I am having a lot of back and forth arguments in my head which digital camera I need to make me truly happy.
I miss the old analog SLR dials, as digging through digital menus is not easy when you quickly need to change an obscure setting and cannot find it again.
For now, I have settled with a basic Nikon DSLR D3300, which is capable enough and Don’t get me wrong. I like it, and when I use it I take great pictures with it (it is decent camera after all) – except I don’t use it that much, and I just don’t know why. I have 3 lenses for it, but there just is no emotional connection, no matter how hard I try.

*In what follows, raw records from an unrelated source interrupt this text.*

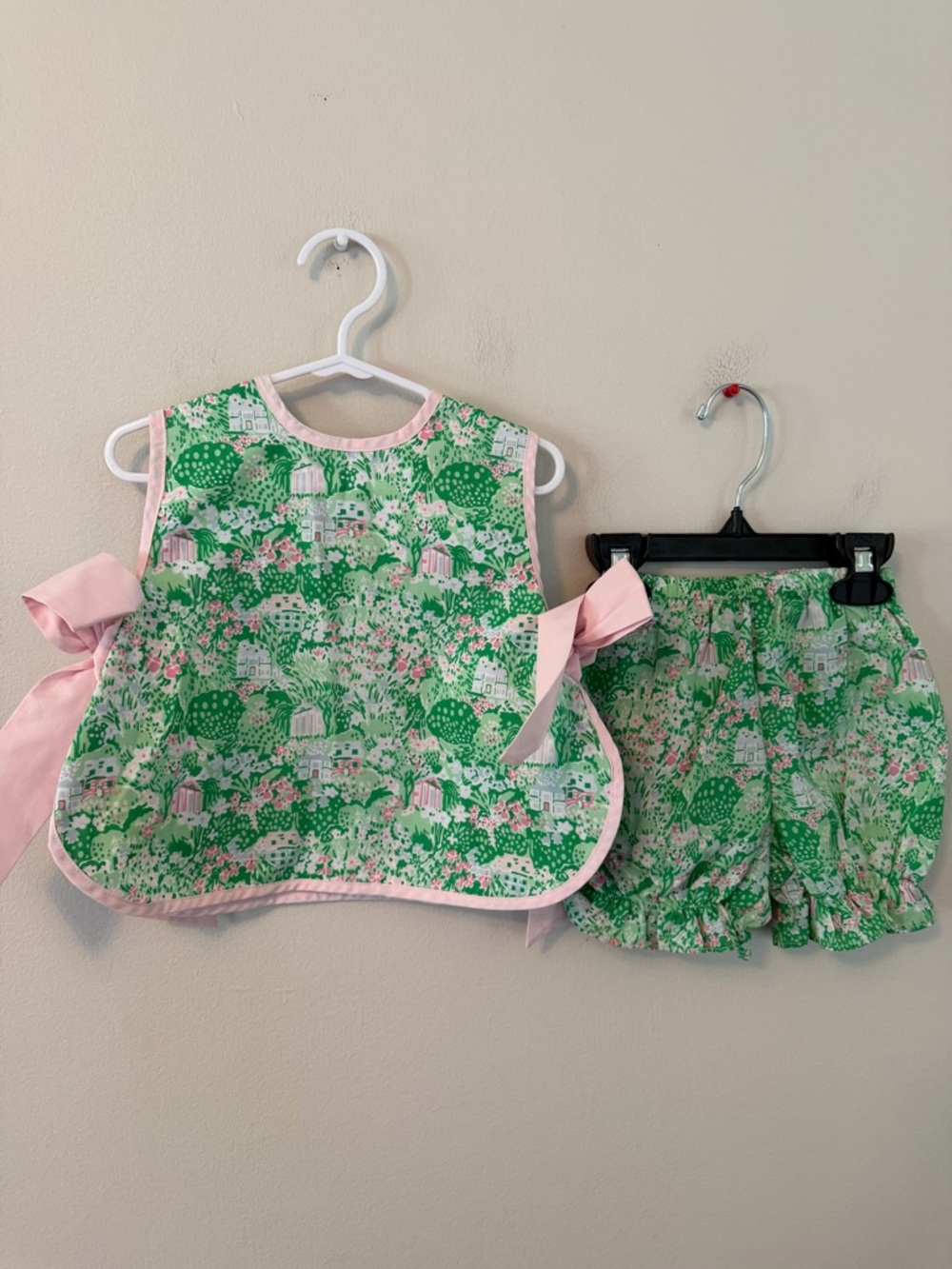 The Beaufort Bonnet Company Belmont Blooms Green Floral Tie Top with Bottoms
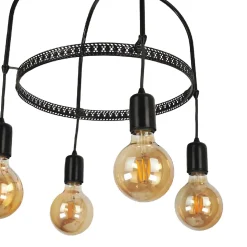 Suspension Llandudno 78 x 43 x 43 cm 4 x E27 noir lux.pro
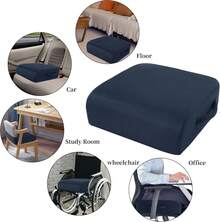 MABOZOO Extra Thick Chair Cushions,Office Chair Booster Seat Cushion To Raise Seat Height For Pain Relief,18 X 16 X 6 Inch Non Slip Memory Foam Thick Cushion With Carry Handle(Black) - Navy Blue - View 2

Then there is my Sony a5000 I got used (but as good as new) off ebay, cheap body only. I only got it for an old analog 50 mm Canon lens I wanted to use with it. Though it is a proper hassle to find the focus on the display sometimes and because the lens is manual focus only, I love the setup; I love the camera; I love the pictures it takes. Later, when I was given an old Maxxum (Minolta) lens I got the proper Sony converter for the a5000, so now I can auto focus with this setup, which is very cool – old and new work well together. But it’s bulky and awkward looking, and only 50 mm fixed, great for portraits, not so good for traveling.

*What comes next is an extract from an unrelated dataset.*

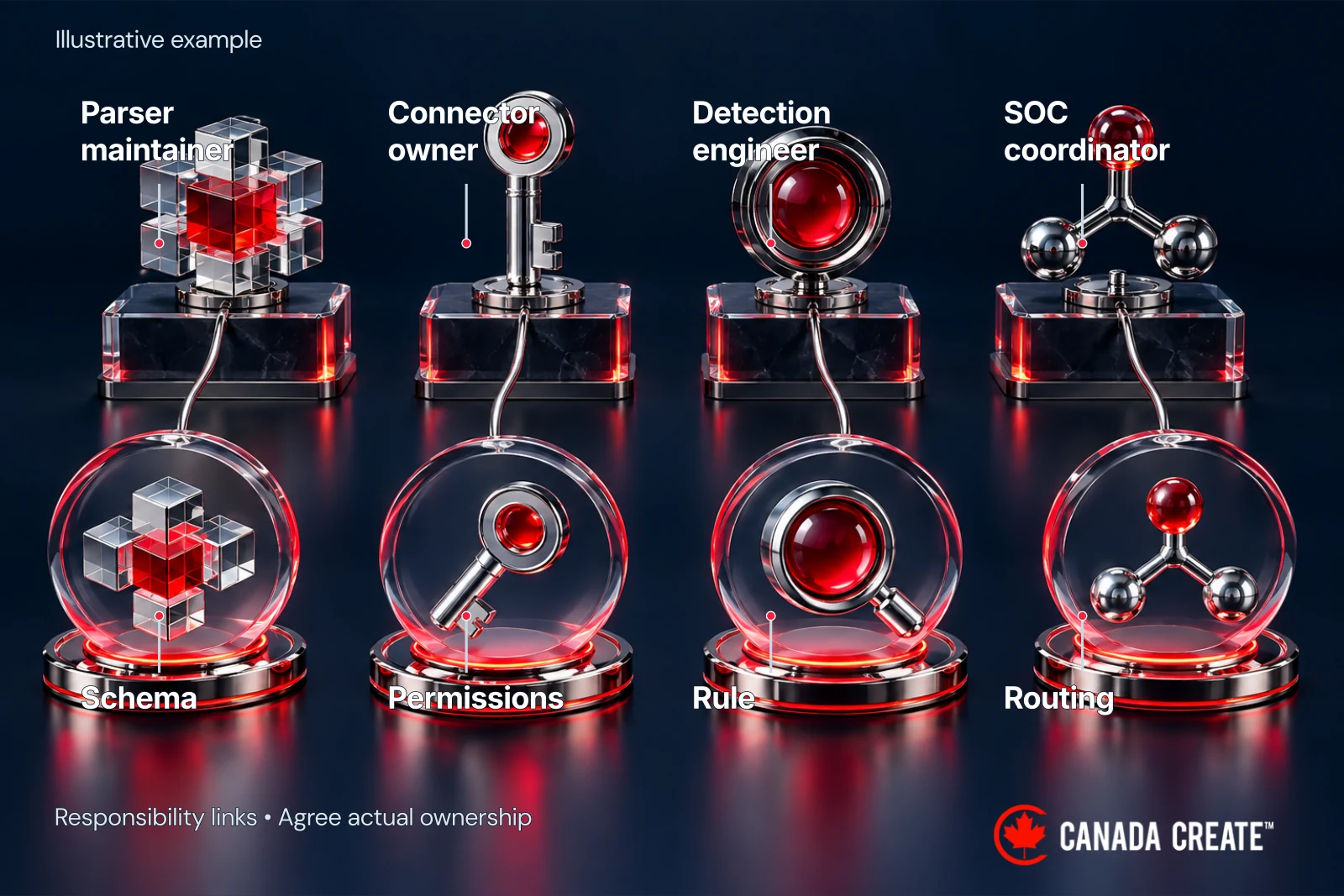 Schema, permission, rule and routing changes reach the parser maintainer, connector owner, detection engineer and SOC coordinator respectively. These are responsibility relationships, which an organization can assign across its actual team.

Long story short, because I visited India for the first time this year, I wanted something light and good, because the trip was by rail, everyday pretty much in another city. I didn’t want to carry multiple lenses or cameras etc.
So I decided to just go with a Sony RX100 (as an amazon warehouse deal, it was pretty cheap) as my new light travel camera. It was a big risk since I had only used it briefly in Paris before (mind, you I recorded the Notre Dame fire with it and it turned out OK, not the fire, the images)
So after using it for 2 weeks in India and taking over 1000 photos with the RX100, I am still not sure what to make of it. All the photos It took turned out good, some even great, but mostly as expected. Because at times we rushed from one place to another and only had 10 minutes to explore a sight, I appreciated the convenience of an easy camera – set it to “A” , press on, let the lens come out of hiding and just go. Nice. Not artistic maybe, but nice. Perfect for the occasion.
When I had more time (which was hardly never) I tested the other settings and I did however appreciate its ability to take great photos in very low light conditions, like the wall paintings in an old palace where use of flash is strictly forbidden or the Taj Mahal at dawn – but that’s a story for another day.
Amber Fort/Palace, India – midday
The only really major problem I have with these sort of digital cameras, not just the RX100, is the lack of a viewfinder. Especially around midday, when the sun in Amber Fort, India is literally everywhere and you cannot see a single thing on the display. It was then that a pigeon landed in front of me on a fence post, and I wanted to take a picture, but could not get it in focus. The damn bushes behind it got caught in the metering and I couldn’t see what I was doing, or where the focus was – and I was scared the pigeon would fly away if I kept looking through the menu for too long while I could barely see it, plus under pressure I tend to forgot where the settings are.
I zoomed in and took 4 close-ups before it took off. I thought the last one was OK, it looked OK when I zoomed into it in the shade, but back home on the PC I could tell it wasn’t the focus I had hoped for. It’s not blurry, but it also isn’t the portrait I was trying to achieve: subject in focus, background blurred.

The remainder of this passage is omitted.